Legacy planning looks at distributing personal and business assets today or in the future to create a lasting family legacy. This could be upon retirement, death or actual sale of the business. Estate equalization can be critical for ensuring family harmony over the long-term as fair does not always mean equal.
For business owners, life insurance can be a critical component to a well-developed succession plan. If the intention is to pass the business to the next generation, life insurance proceeds can be used to pay the tax liability on corporate shares, ensuring that the business assets need not be sold. Additionally, insurance can be used to provide the necessary funding for the next generation to purchase shares from the estate in a tax-efficient manner.
Leaving a lasting legacy can be achieved a number of ways and understanding how this works best for the family and the business requires careful consideration and reflection on more than just numbers. Contact your Scotia Wealth Management relationship manager today for a complimentary consultation with our Business and Family Advisory Specialists who work with business owners and affluent families to help with the transition of wealth to the next generation.
Some of the solutions we offer include:
Business transition planning
Our approach to business transition planning takes into account your personal and business specifics and will be designed to reflect your overall wealth management strategy. From recognizing and reviewing your personal priorities to identifying a successor or buyer, Scotia Wealth Management professionals will work with you and your advisor to help you develop a transition plan that is smooth and advantageous.
Our specialists understand the challenges, issues and complex needs of business owners and affluent families and are experienced in helping them manage this intricate process. We will offer guidance and assistance around continuity of business ownership, family dynamics, contingency plans, tax-efficient structures, integration of personal and business wealth, and legacy plans, all with the end-goal of you getting what you want out of the business you’ve worked so hard to build.
When planning for the succession of your business, it is common to be faced with the issue of not all of your children being equally interested in carrying on the family business or perhaps not all of your children having the skills necessary to manage the business to ensure its prosperity. As a business owner, if you are faced with either of these situations, it is likely that you will still want to treat your children fairly when it comes to leaving an inheritance.
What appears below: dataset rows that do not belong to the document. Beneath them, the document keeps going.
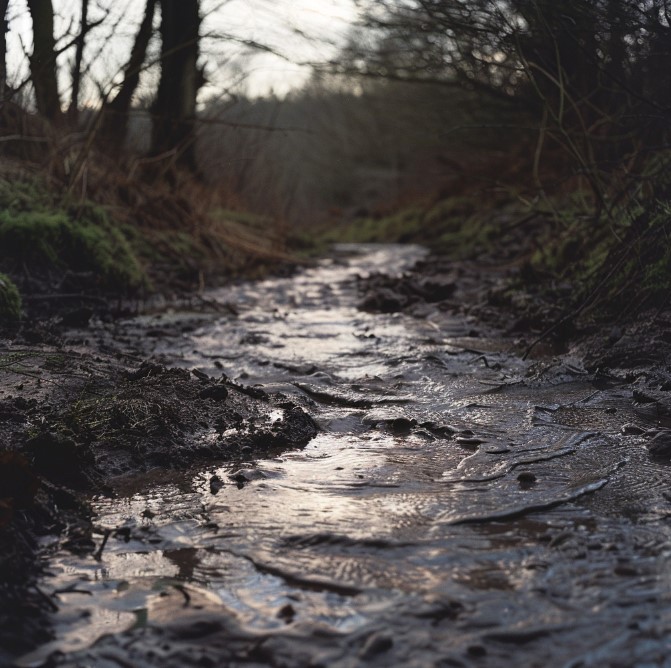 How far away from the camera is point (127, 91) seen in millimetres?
6934

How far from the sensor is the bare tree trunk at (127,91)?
610 centimetres

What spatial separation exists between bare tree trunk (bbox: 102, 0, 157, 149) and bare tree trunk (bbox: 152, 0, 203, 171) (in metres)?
0.17

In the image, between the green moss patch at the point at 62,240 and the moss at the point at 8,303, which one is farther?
the green moss patch at the point at 62,240

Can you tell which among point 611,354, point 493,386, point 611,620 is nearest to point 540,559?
point 611,620

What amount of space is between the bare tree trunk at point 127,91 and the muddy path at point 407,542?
3.73 meters

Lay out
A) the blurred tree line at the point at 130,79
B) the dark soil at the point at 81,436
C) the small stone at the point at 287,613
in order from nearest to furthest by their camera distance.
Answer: the small stone at the point at 287,613
the dark soil at the point at 81,436
the blurred tree line at the point at 130,79

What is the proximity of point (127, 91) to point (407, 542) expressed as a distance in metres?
6.09

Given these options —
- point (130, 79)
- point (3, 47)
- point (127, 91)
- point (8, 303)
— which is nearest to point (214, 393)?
point (8, 303)

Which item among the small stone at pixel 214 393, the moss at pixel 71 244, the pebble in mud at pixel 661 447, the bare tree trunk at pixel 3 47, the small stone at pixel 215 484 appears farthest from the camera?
the moss at pixel 71 244

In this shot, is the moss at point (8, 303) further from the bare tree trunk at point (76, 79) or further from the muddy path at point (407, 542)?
the bare tree trunk at point (76, 79)

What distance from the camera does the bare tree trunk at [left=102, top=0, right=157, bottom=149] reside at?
20.0 feet

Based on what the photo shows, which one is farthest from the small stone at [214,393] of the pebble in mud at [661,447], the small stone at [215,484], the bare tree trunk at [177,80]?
the bare tree trunk at [177,80]

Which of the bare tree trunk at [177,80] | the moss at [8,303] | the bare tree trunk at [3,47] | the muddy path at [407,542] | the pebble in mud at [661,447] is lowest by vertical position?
the muddy path at [407,542]

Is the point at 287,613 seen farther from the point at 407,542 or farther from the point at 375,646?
the point at 407,542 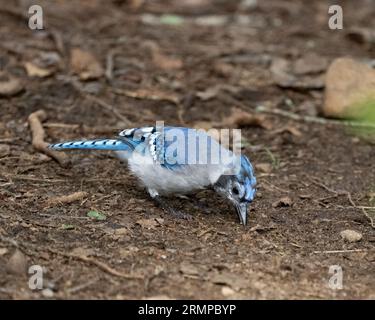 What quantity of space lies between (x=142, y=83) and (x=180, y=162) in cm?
258

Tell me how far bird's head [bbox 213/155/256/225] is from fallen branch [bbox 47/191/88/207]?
1.02 meters

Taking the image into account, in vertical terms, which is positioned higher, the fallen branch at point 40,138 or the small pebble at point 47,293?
the fallen branch at point 40,138

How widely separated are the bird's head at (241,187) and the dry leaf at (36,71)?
3.03 metres

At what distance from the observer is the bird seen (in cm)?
520

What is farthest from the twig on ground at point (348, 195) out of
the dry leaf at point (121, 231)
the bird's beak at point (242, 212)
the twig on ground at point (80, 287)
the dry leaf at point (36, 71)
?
the dry leaf at point (36, 71)

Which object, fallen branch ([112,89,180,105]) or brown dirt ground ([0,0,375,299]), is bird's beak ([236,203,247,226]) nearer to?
brown dirt ground ([0,0,375,299])

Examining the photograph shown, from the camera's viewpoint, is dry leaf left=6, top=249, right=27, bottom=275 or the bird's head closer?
dry leaf left=6, top=249, right=27, bottom=275

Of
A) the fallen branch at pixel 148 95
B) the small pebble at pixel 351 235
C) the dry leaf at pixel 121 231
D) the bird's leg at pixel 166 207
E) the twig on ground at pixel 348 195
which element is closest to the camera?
the dry leaf at pixel 121 231

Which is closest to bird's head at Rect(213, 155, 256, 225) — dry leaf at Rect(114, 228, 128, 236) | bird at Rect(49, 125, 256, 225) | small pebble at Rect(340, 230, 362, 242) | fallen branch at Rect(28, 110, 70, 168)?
bird at Rect(49, 125, 256, 225)

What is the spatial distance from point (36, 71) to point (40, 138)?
63.8 inches

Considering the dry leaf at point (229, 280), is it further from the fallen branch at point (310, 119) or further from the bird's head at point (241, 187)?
the fallen branch at point (310, 119)

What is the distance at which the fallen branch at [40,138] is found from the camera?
19.5ft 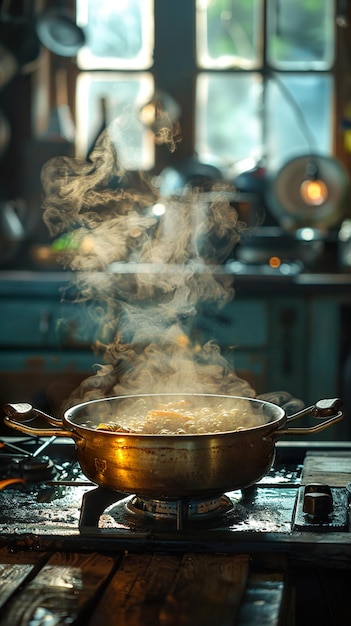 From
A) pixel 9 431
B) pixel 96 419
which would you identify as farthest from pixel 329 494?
pixel 9 431

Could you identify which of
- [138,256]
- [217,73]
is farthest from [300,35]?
[138,256]

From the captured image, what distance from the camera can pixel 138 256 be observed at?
14.8 feet

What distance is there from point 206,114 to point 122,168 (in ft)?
2.92

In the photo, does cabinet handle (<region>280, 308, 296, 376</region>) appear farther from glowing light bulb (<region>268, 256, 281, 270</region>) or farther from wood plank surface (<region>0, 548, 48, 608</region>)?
wood plank surface (<region>0, 548, 48, 608</region>)

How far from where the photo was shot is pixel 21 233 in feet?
17.6

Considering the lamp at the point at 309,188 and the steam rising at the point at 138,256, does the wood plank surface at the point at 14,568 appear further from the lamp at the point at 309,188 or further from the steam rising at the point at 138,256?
the lamp at the point at 309,188

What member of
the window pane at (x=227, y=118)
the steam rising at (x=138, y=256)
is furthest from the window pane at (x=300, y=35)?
the steam rising at (x=138, y=256)

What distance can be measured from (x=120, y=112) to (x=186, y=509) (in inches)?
173

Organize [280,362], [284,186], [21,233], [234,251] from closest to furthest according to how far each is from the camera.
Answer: [280,362]
[234,251]
[284,186]
[21,233]

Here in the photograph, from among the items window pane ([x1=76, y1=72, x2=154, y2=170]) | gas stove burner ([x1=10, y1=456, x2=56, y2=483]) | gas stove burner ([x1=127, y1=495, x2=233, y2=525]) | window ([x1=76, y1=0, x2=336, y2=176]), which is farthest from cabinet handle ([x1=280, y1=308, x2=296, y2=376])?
Answer: gas stove burner ([x1=127, y1=495, x2=233, y2=525])

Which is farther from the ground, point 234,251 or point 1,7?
point 1,7

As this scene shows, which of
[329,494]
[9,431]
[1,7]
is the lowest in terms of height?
[9,431]

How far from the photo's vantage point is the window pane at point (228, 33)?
545 centimetres

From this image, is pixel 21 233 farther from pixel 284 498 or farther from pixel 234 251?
pixel 284 498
Estate equalization strategies help ensure that your estate will be distributed the way you choose. Life insurance can be used to provide an equitable inheritance to those children who are not active in the business, allowing the business to be passed entirely to the child(ren) actively involved in the continuation of running the business.
A permanent life insurance policy would be purchased by the corporation who would own the policy. The policy could be structured on either a single or joint life basis. Premiums for the policy could either be funded by reallocating passive investment assets held inside the corporation or by using excess cash flow not required by the corporation. At the death of the insured(s), the life insurance death benefit would pay out a tax-free death benefit directly to the corporation. The corporation would receive credit to its capital dividend account (CDA) for the amount of the insurance proceeds minus the insurance policy’s adjust cost basis (ACB). Capital dividends can then be paid out tax-free to the owner’s estate.
The corporate asset transfer strategy provides a way to diversify the corporation’s current asset mix in a tax-efficient way, significantly increasing the net estate value.
A properly implemented estate freeze will allow you to defer the taxes payable on the accrued gain on the shares of your corporation and transfer the future growth of your business to your beneficiaries. By capping the capital gains on the transferred business/property, insurance-based solutions can be utilized to fund it without having to liquidate other assets. It is a popular tax and succession planning strategy.